It works very simply:  given a corpus of text, each word in the corpus becomes a state and each two-word sequence is a transition to another state. It’s assigned a probability determined by how many times it appears.   
In his paper *A Mathematical Theory of Communication*, Shannon calls completely random series zero-ordered approximations. Putting randomly selected words after each other yields totally unintelligible lines. As one selects words according to their frequency in a huge corpus, the resulting text gets more natural. If we go further, and we take two-word or three-word or n-word sequences, we get better and better results. One can see these n-word sequences (or n-grams) as transitions from one word to the other.  
  
This is an example of a text generator using this simple idea.

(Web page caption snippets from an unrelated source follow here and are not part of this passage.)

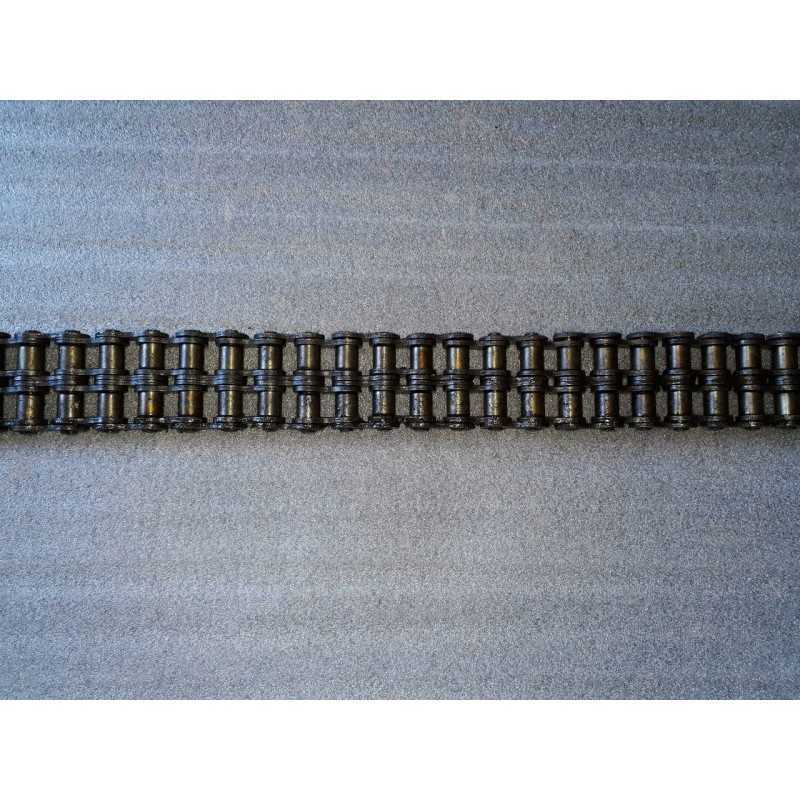 Galla grandinėlė 1 16b 2, ilgis 5 metrai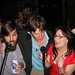 Joy Blankenship Photo 13
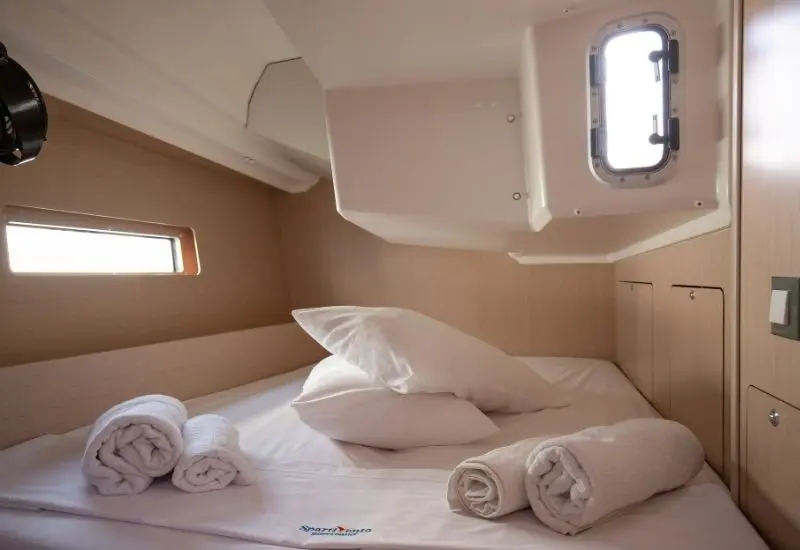 Thumbnail von ベネトー オーシニス 40.1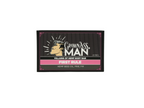 First Rule Villains of Hemp Body Bar - 1-Pack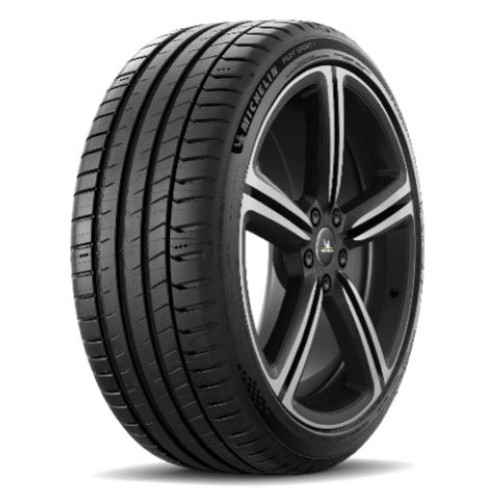 Gomme auto estive 205 - 205, r17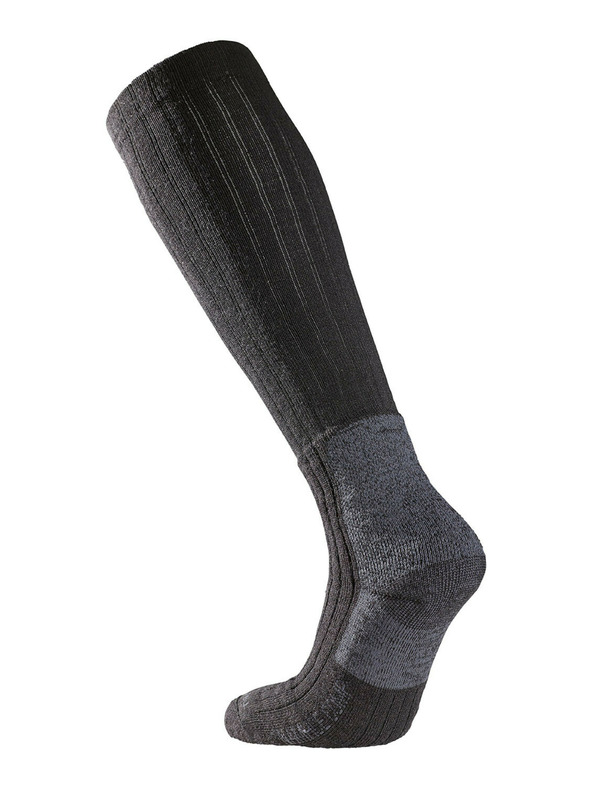 Tenson TENSON Namche Calze funzionali a compressione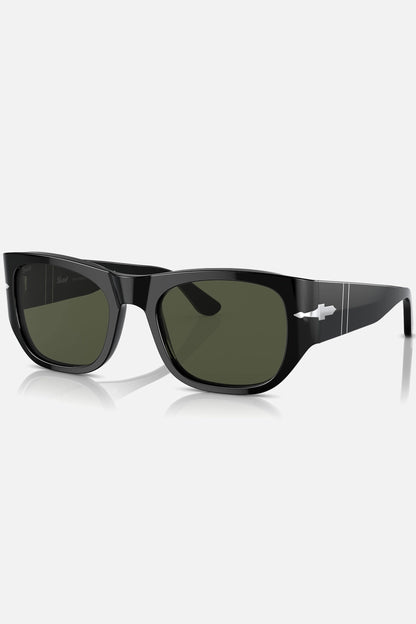Persol PO3308S 95/31 54 - 21 - Ottica Paoletti Foto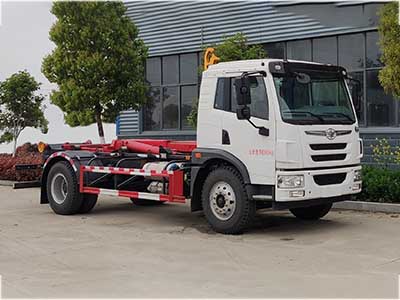 ������CL5185ZXX6JH��܇(ch��)����жʽ����܇(ch��)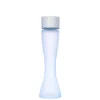 Ghost The Fragrance Eau De Toilette Spray 30ml -Hugo Boss Shop 14512167 1505056860980298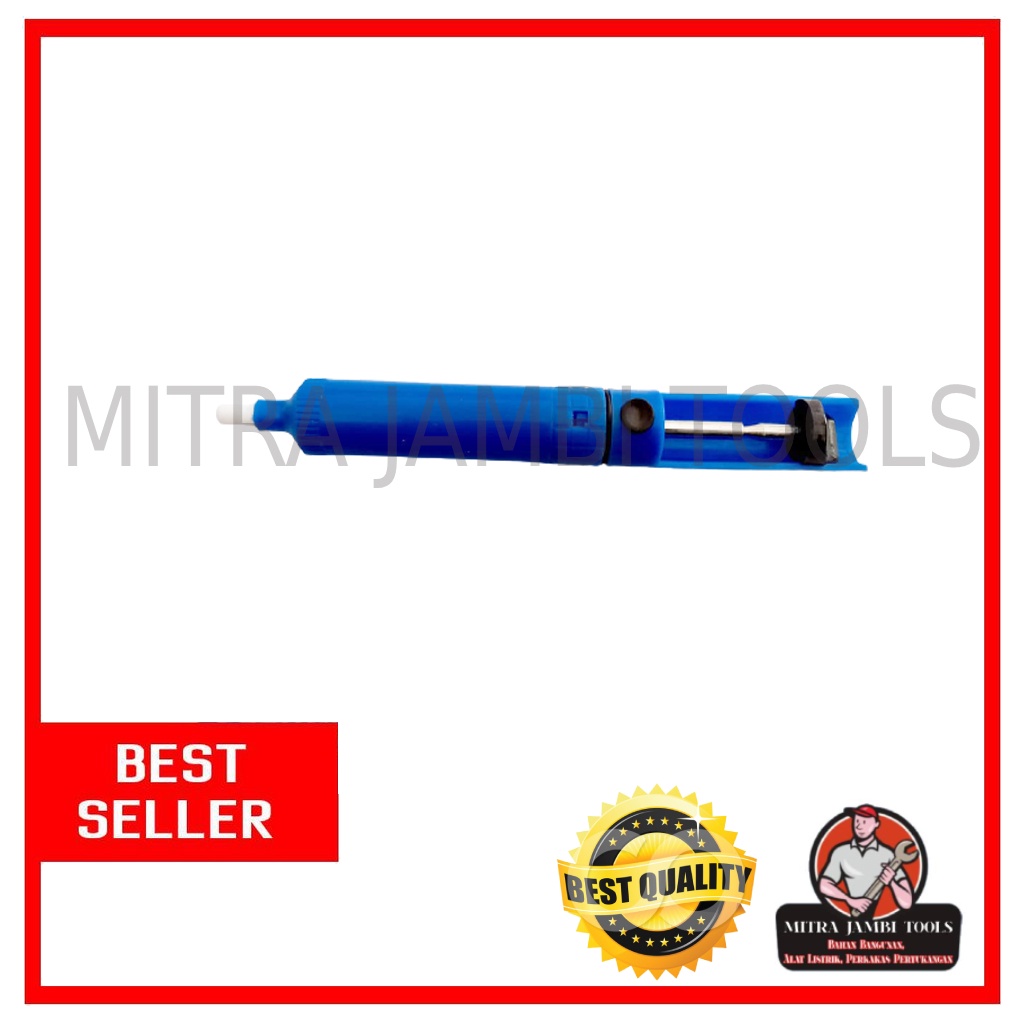 หลอดดีบุก ATN*******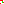 Destellos dst-782324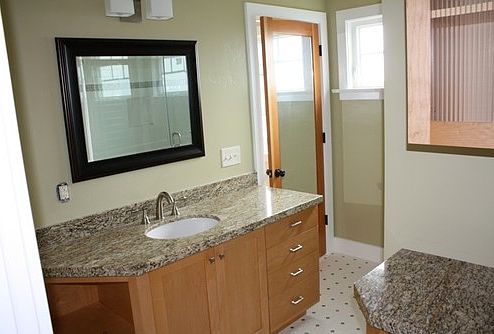 4th image of 2304 Andreo Ave
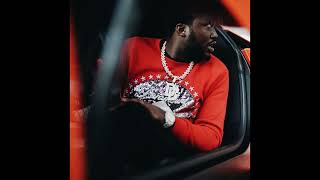 FREE Meek Mill Type Beat 2023 quotPeace Of Lovequot [upl. by Trellas]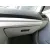 BMW SERIE 1 BERLINA (E81/E87) BMW SERIE 1 BERLINA (E81/E87) '2008 118D AZUL 2007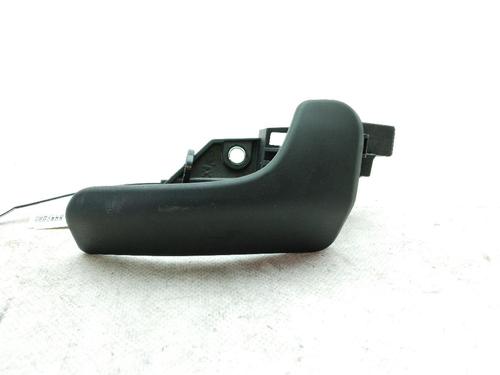 Used Front right interior door handle Front right interior door handle PEUGEOT BOXER Van 2.0 BlueHDi 130 (130 hp) 24002781 24002781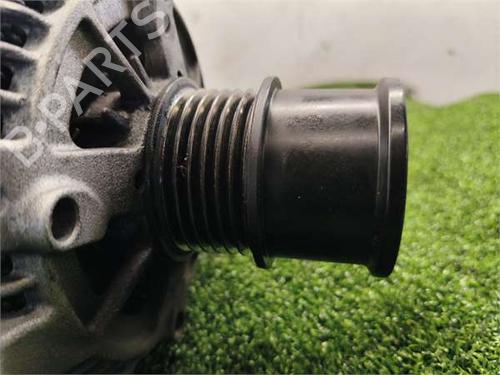 Alternator FORD FOCUS III 1.0 EcoBoost | BP38608616M7 - Image 5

We start by loading some text dataset. Since a Markov generator becomes interesting only with a pretty large corpus, we use a couple of Shakespeare's works.  
## Read the data

In [1]:
import os

In [2]:
dirname = '../datasets/shakespeare/'
lines = [] # storing all the lines in a variable. 
for filename in os.listdir(dirname):
    with open(os.path.join(dirname, filename)) as files:
        for line in files:
            # remove leading and trailing whitespace
            pure_line = line.strip()
            
            # if pure_line is not the empty string,
            if pure_line:
                # append it to the list
                lines.append(pure_line)
                
n_lines = len(lines)

print(f"Number of lines: {n_lines}")
print(f"Sample line at position 0 {lines[0]}")
print(f"Sample line at position 999 {lines[999]}")    

Number of lines: 20907
Sample line at position 0 THE TEMPEST
Sample line at position 999 Who shall be of as little memory


In [3]:
print("\n".join(lines[506:514]))

CALIBAN	As wicked dew as e'er my mother brush'd
With raven's feather from unwholesome fen
Drop on you both! a south-west blow on ye
And blister you all o'er!
PROSPERO	For this, be sure, to-night thou shalt have cramps,
Side-stitches that shall pen thy breath up; urchins
Shall, for that vast of night that they may work,
All exercise on thee; thou shalt be pinch'd


A total of 20K lines have been read and they form the input corpus.  
### Clean the data
For simplicity, we are going to clean them from some punctuation and symbols and also lowercase everything.


In [4]:
# go through each line
for i, line in enumerate(lines):
    # convert to all lowercase
    lines[i] = line.lower()

print(f"Number of lines: {n_lines}")
print(f"Sample line at position 0 {lines[0]}")
print(f"Sample line at position 999 {lines[999]}")

Number of lines: 20907
Sample line at position 0 the tempest
Sample line at position 999 who shall be of as little memory


In [5]:
def clean(hdln):
    hdln = hdln.replace("'", "")
    hdln = hdln.replace('"', "")
    hdln = hdln.replace("…", "")
    hdln = hdln.replace("”", "")
    hdln = hdln.replace("`", "")
    hdln = hdln.replace("’", "")
    hdln = hdln.replace("“", "")
    hdln = hdln.replace("(", "")
    hdln = hdln.replace(")", "")
    hdln = hdln.replace("#", "")
    return hdln


In [6]:
cleanlines = [e.strip() for e in lines]
cleanlines = [e.split("|")[0] for e in cleanlines]
cleanlines = [clean(e) for e in cleanlines]
print("\n".join(cleanlines[506:514]))

caliban	as wicked dew as eer my mother brushd
with ravens feather from unwholesome fen
drop on you both! a south-west blow on ye
and blister you all oer!
prospero	for this, be sure, to-night thou shalt have cramps,
side-stitches that shall pen thy breath up; urchins
shall, for that vast of night that they may work,
all exercise on thee; thou shalt be pinchd


In [7]:
corpus = "\n".join(cleanlines)


## Tokenize
Next we will extract all tokens from the corpus and we use the old good NLTK tokenizer.  


In [8]:
from nltk.tokenize import word_tokenize

In [9]:
tokens = []
line_length = []

for line in cleanlines:
    tkns = word_tokenize(line)
    line_length.append(len(tkns))
    tokens.extend(tkns)


In [10]:
print(f"The average line length is {sum(line_length)/len(line_length)}")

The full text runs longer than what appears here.